Peteeckel's Recent Posts
It's been some time now since I last reviewed Xmplify, and I guess it's time for an update. I've been using the tool for the last few years now for almost every XML editing task on the Mac, and I keep being surprised by its great versatility, quality, feature-richness and stability. Of all the XML editors I came across this is definitely the one I like using most. Another thing, experienced again just today, is the great responsiveness of the author. I made a feature suggestion that turned out to be for a feature that was already there, and I got a friendly reply explaining the feature within minutes (where, to be honest, an RTFM would also have been in order :-)). There are lots of tools that are much more expensive and don't have even nearly that quality of support. So a 100% thumbs-up again for Damien and Xmlplify!
I've been using TeX/LaTeX for many years now (started with the Lindner TeX on Atari ST about 25 years ago), and I'm still using it for technical documentation, invoices, concepts - everything. For my use it is much faster than any so-called WYSIWIG tool, causes far less troble than e.g. Word, provides perpetual backward compatibility with ancient documents, and above all produces high quality output like you'll never it see from Word. LaTeX has a learning curve. But you'll go through that curve once, not with every major upgrade again and again. And at least for me it was much, much shorter than the one one goes though trying to master Word *properly* - which most people using it are far away from. With respect to TeX implementations, MacTeX is very close to perfection. Painless upgrading, a smooth installation and a complete set of tools, and all of this for free. Everyone using it should consider making a donation to TUG or another official user group (or better: join a group and start contributing), because that's what keeps efforts like MacTeX alive.
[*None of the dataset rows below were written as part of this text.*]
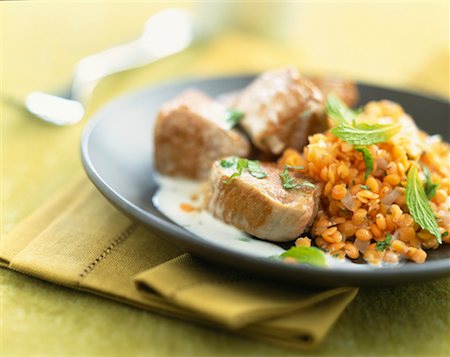 Sauteed porc with orange lentils Stock Photo - Rights-Managed, Code: 825-02304757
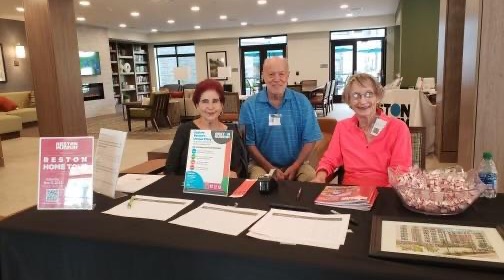 Two women and one man seated behind an information table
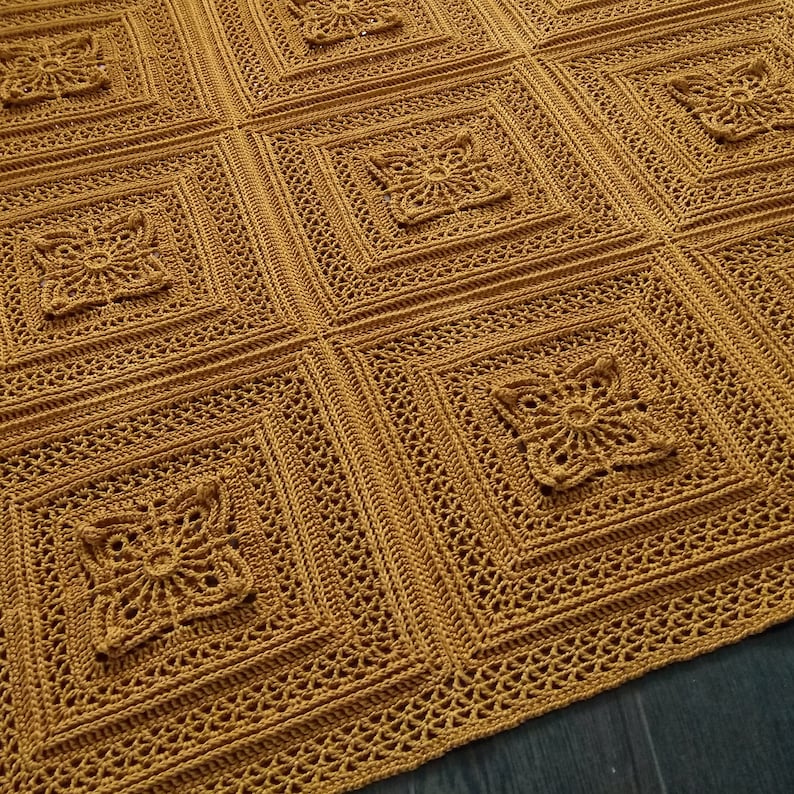 May include: A mustard yellow crochet blanket featuring a repeating pattern of square motifs. Each square consists of a central floral-like design surrounded by concentric geometric borders with intricate openwork stitching throughout.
Though other comments on MU suggest otherwise, my impression is a rather positive one. BitTorrent works fine for my purposes, which can be summarised in 'download Linux distribution DVD images every once in a while'. I'm definitely not a BT power user, I'll grant that. But as opposed to the highly-famed Transmission, BitTorrent worked immediately after installation for me. I like the clean UI as well. Other clients may have more features (I did not check that out), but the bare-bones functionality of this tool is really all I need.
The new version 6.0 of the AirPort Utility is lacking all features whatsoever for - SNMP configuration - Syslog configuration - IPv6 configuration - 802.11x configuration - Log viewing That said, it's absolutely, utterly useless to me. But pretty, I have to admit. Version 5.6 also came out today, allegedly 'for 802.11g models'. It has the old interface, provides all mentioned configuration options and works fine with 802.11n airports as well. So I use that for the time being, while looking for replacements for my 4 Airport Express devices.
I just tried to convert a rather simple PDF that was created using pdfLaTeX to a Word document, since sometimes there are customers using that legacy format. Word, I mean :-) Unfortunately the result was not satisfactory. Page breaks are not preserved, the table of contents is distributed over several pages by column (first the chapter numbers, than the chapter names, then follow several dispersed dots, and the page numbers below them - looks quite scary), line breaks are inserted where none should be, line spacing is a mess, tables are lost entirely. The result is, unfortunately, completely unusable. Considering that this is Crippleware, not Shareware, and much too expensive for the development stage it seems to be in, I probably won't give it a second try too soon. Maybe in a year or so.
This is a very mature piece of software considering that it is a beta version. I especially appreciate that this is a native Mac OS X implementation, not a Java port - I don't really like the small differences between Java programs such as the other XML editors currently available and native Mac OS X programs. libxml2/libxslt is not exactly the bleeding edge of XML/XSLT parser development, which might make it the software's weak point. On the other hand, I do most of my XML development on exactly the same foundation, so it's perfect for me, and I pre-registered the software right away - at USD 39 it's a steal. I managed to crash it twice by entering syntactically invalid URLs in schema locations, but considering that it's beta (and recovered my files without any problem) I think that is acceptable.